§ **Required action**: Look below for the line that has "Hellblaues Langarmoberteil mit"; output exactly from it through the line that has "Sorense svampeformet bordlampe", and leave the pictures out.

§ **Records for this exercise**:
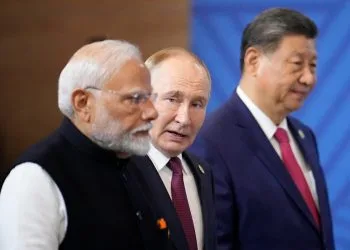da sin.: Narendra Modi, Vladimir Putin e Xi Jinping al summit SCO di Tianjin (Ansa)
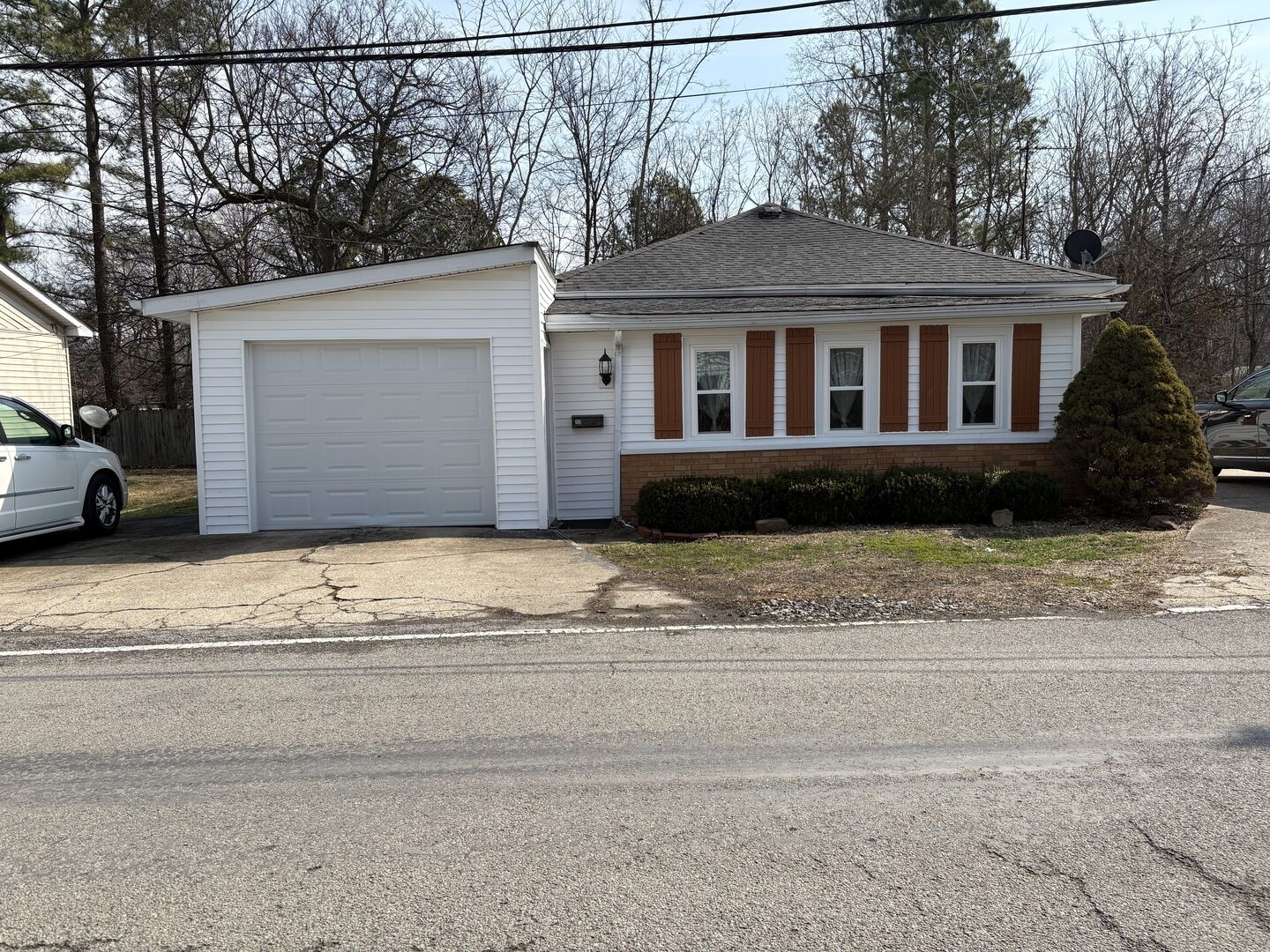 Property Photo: 313 S Future Street IL 62959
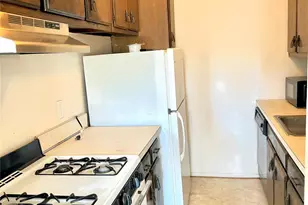 115 Artist Lake Dr, Middle Island, NY 11953 - Photo 5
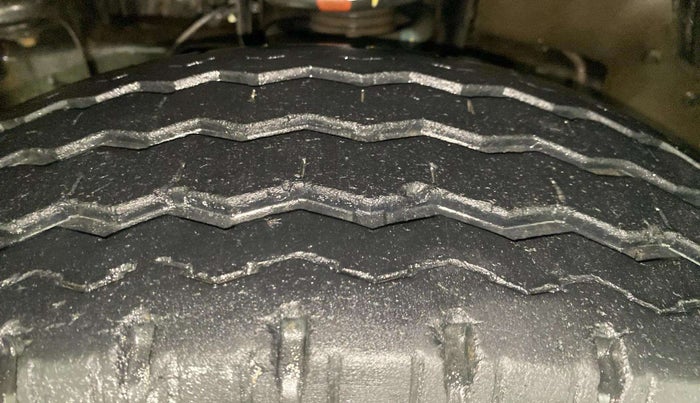 2017 Mahindra TUV300 T8, Diesel, Manual, 47,806 km, Left Front Tyre Tread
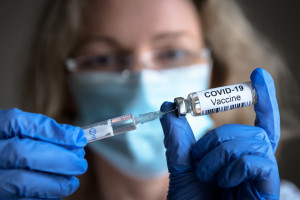 W Polsce wykonano dotąd 56 860 178 szczepień przeciw COVID-19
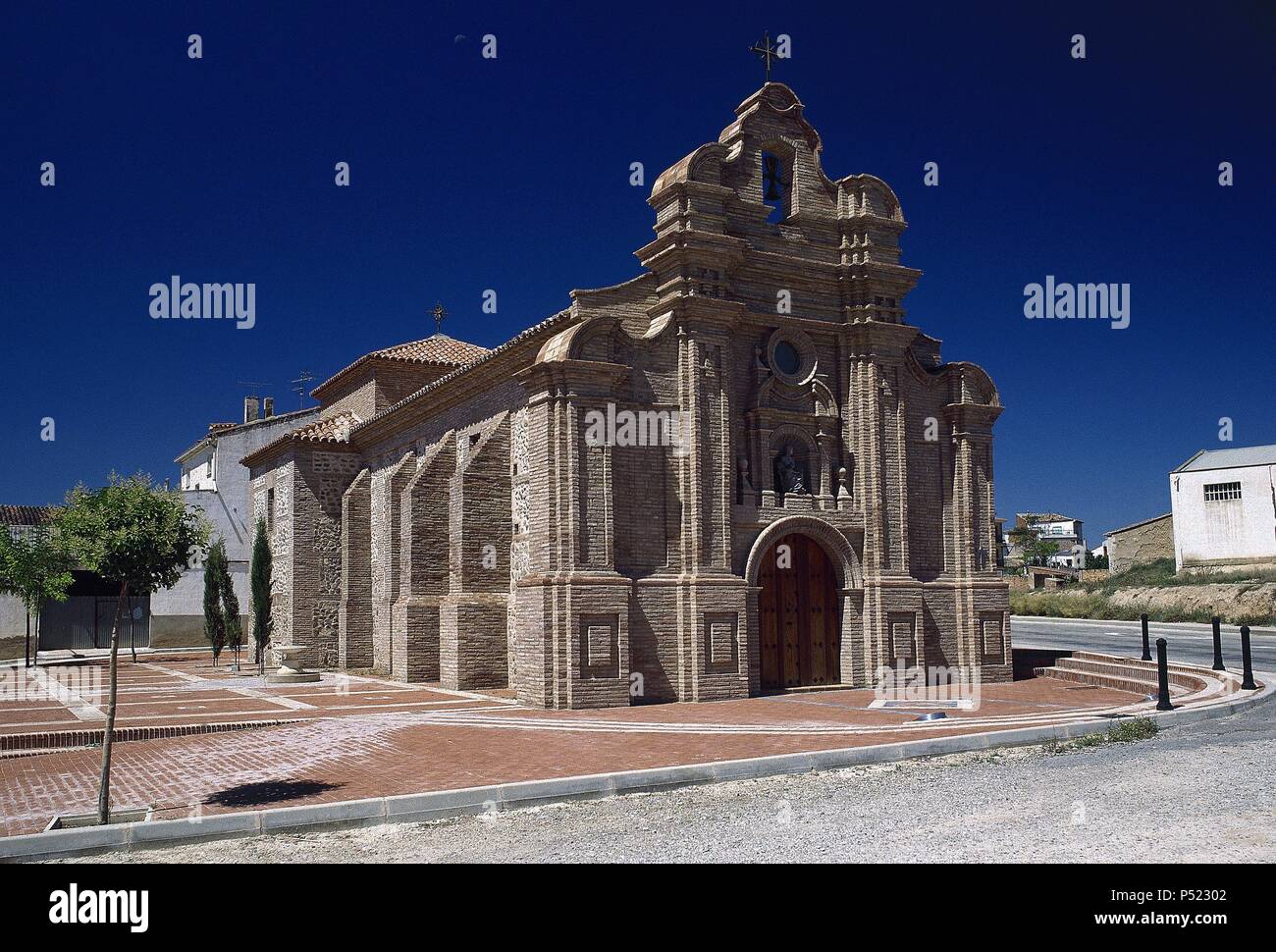 LA RIOJA. ALDEANUEVA DE EBRO. Vista general de la Ermita DE LA VIRGEN DE LOS Remedios, de estilo barroco y realizada en ladrillo. España. Banque D'Images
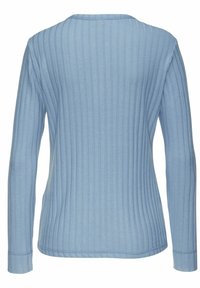 Hellblaues Langarmoberteil mit gerippter Textur, rundem Ausschnitt und tailliertem Design mit dezenten Nahtdetails.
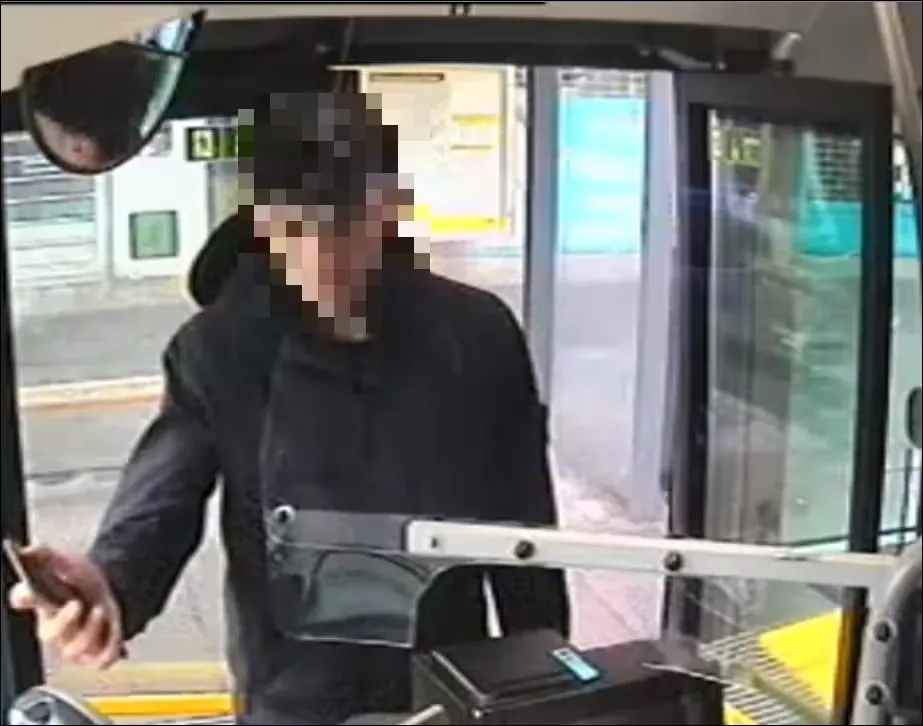 Agressieve passagier slaat buschauffeur tot bloedens toe: politie deelt foto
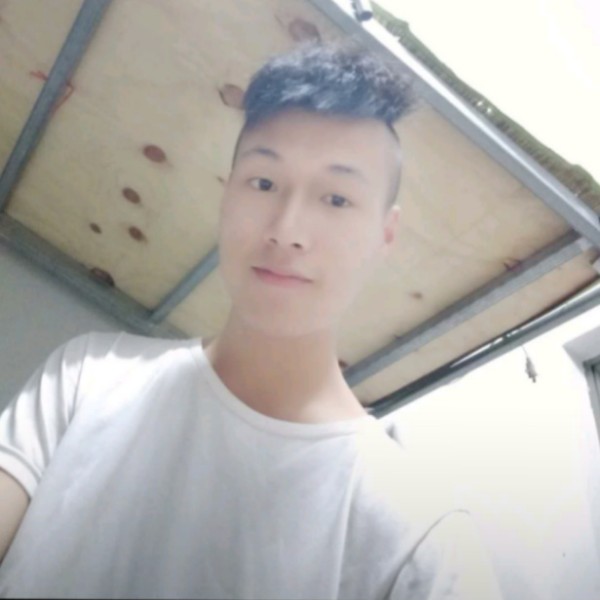 对你仍然满怀期待的照片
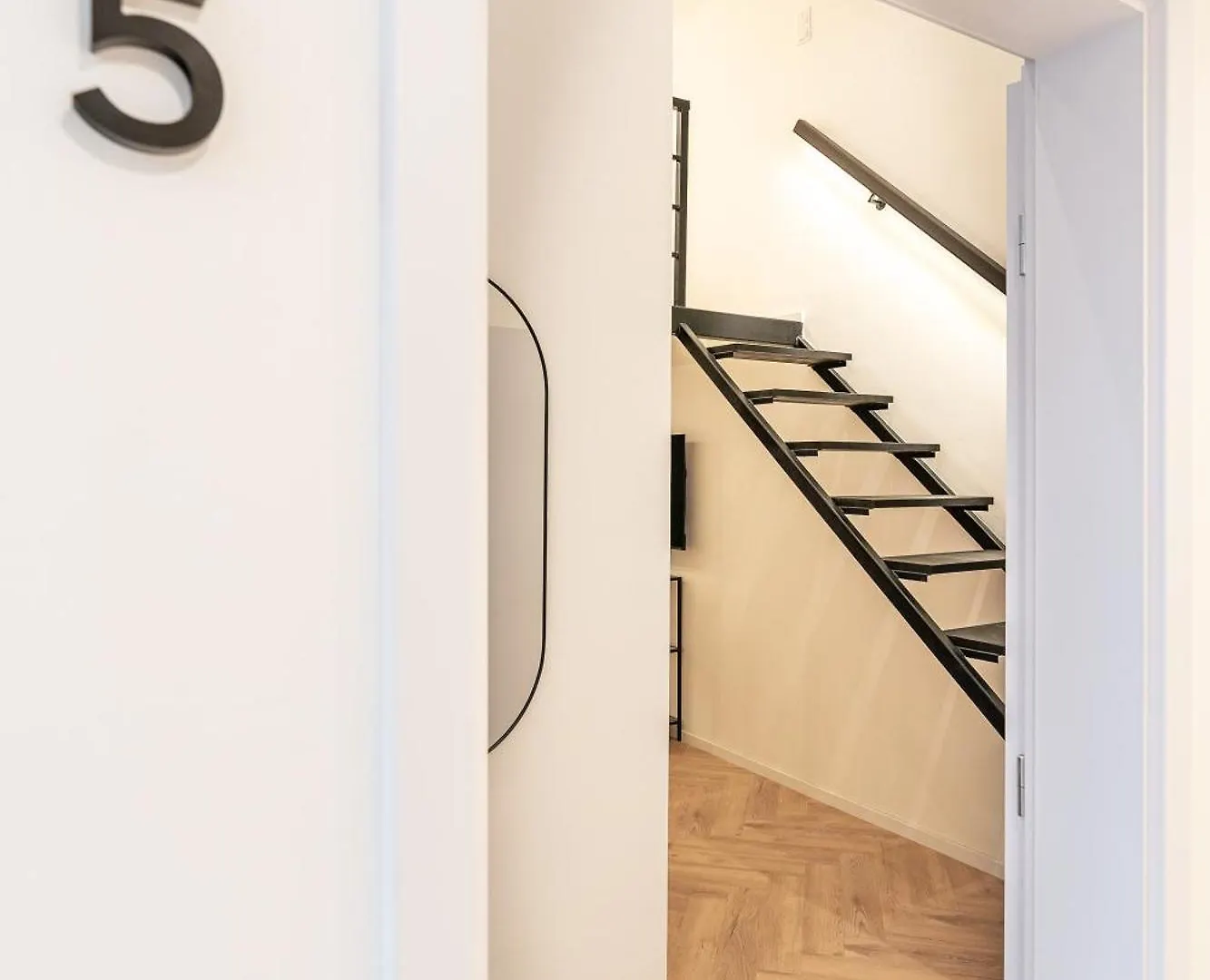 E22 - Boutique Apartments, Best Location by BQA Budapest 0*,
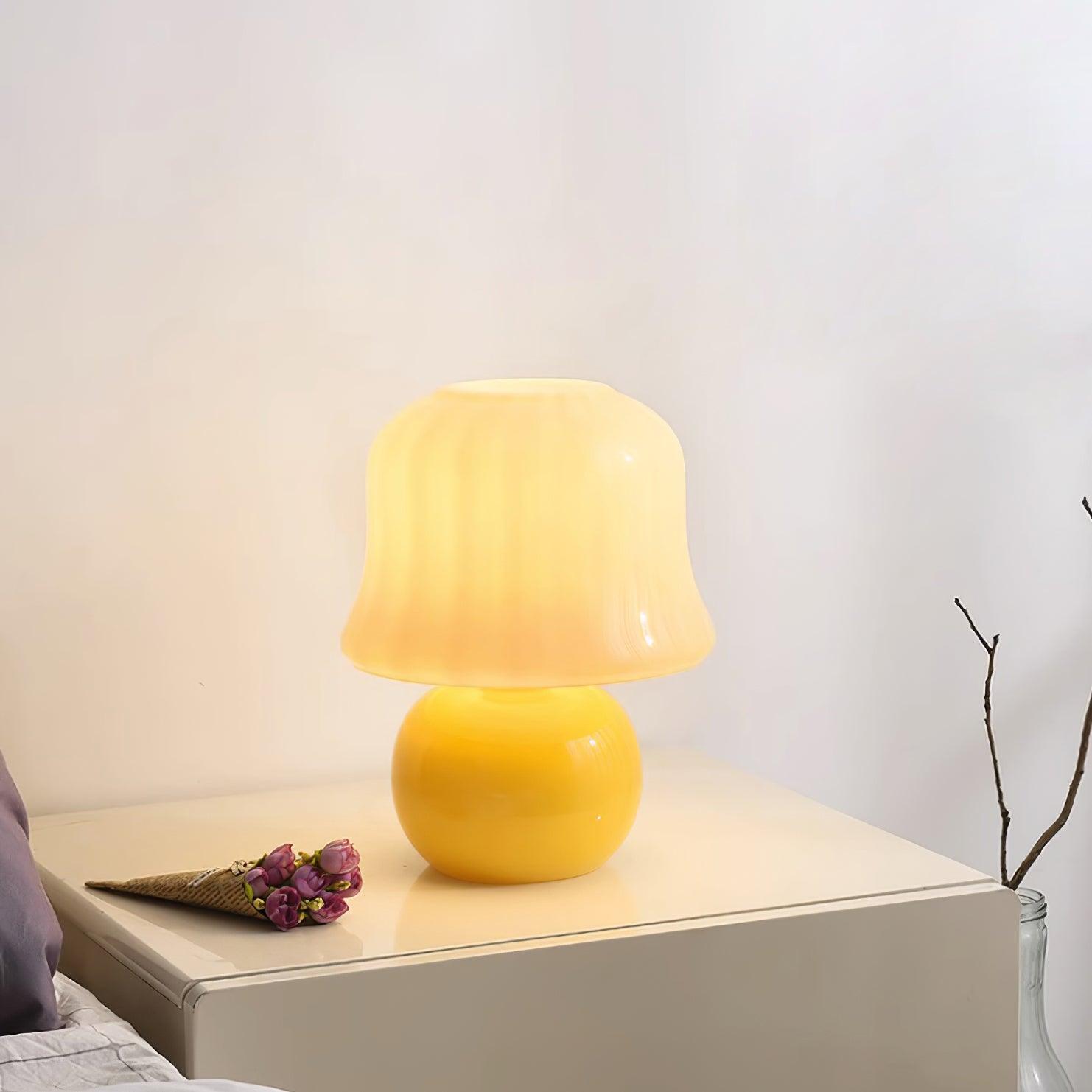 Sorense svampeformet bordlampe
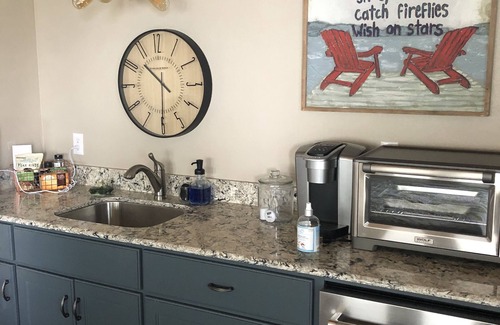 Tool Cottage | Beautiful Cedar Creek Lake Romantic Cottage Lakeside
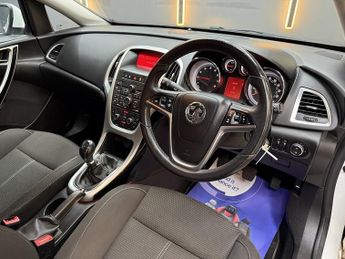 Vauxhall Astra 1.6 16v SRi Hatchback 5dr Petrol Manual Euro 5 (115 ps)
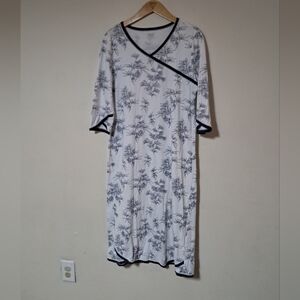 Garnet Hill Asian Wrap Organic Cotton 3/4  Sleeve Midi Nightgown Sz. M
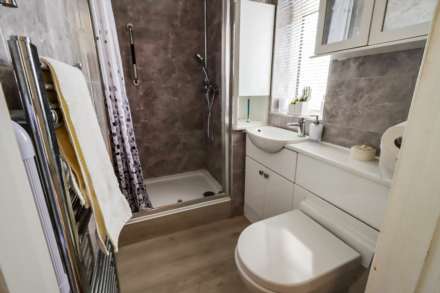 Erleigh Court Drive, Earley, Image 12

§ **Written response**:
 Hellblaues Langarmoberteil mit gerippter Textur, rundem Ausschnitt und tailliertem Design mit dezenten Nahtdetails.
 Agressieve passagier slaat buschauffeur tot bloedens toe: politie deelt foto
 对你仍然满怀期待的照片
 E22 - Boutique Apartments, Best Location by BQA Budapest 0*,
 Sorense svampeformet bordlampe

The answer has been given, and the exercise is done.